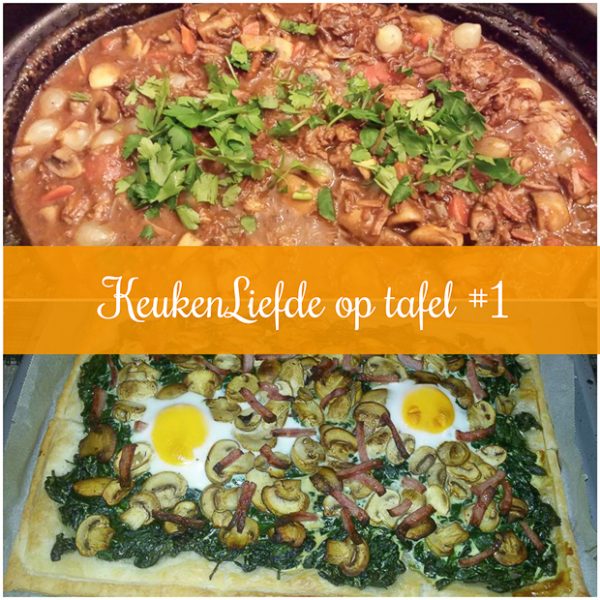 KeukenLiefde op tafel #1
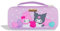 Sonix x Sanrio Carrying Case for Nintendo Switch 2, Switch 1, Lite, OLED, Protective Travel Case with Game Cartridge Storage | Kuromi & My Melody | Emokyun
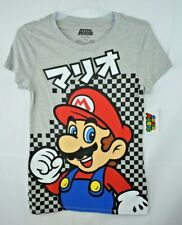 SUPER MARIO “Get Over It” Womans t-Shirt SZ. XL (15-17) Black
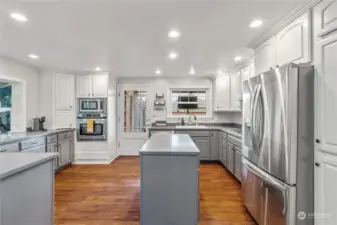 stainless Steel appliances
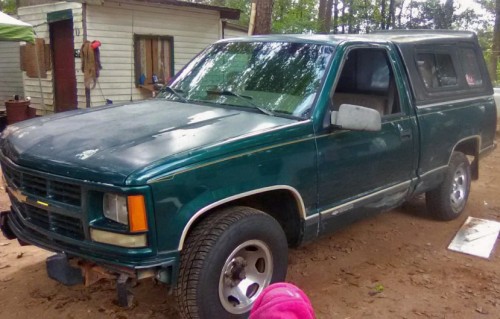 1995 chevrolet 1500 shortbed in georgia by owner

* * * * *

Print the entries again exactly as they appear above. Do not print the pictures.

:: ANSWER BELOW ::
 KeukenLiefde op tafel #1
 Sonix x Sanrio Carrying Case for Nintendo Switch 2, Switch 1, Lite, OLED, Protective Travel Case with Game Cartridge Storage | Kuromi & My Melody | Emokyun
 SUPER MARIO “Get Over It” Womans t-Shirt SZ. XL (15-17) Black
 stainless Steel appliances
 1995 chevrolet 1500 shortbed in georgia by owner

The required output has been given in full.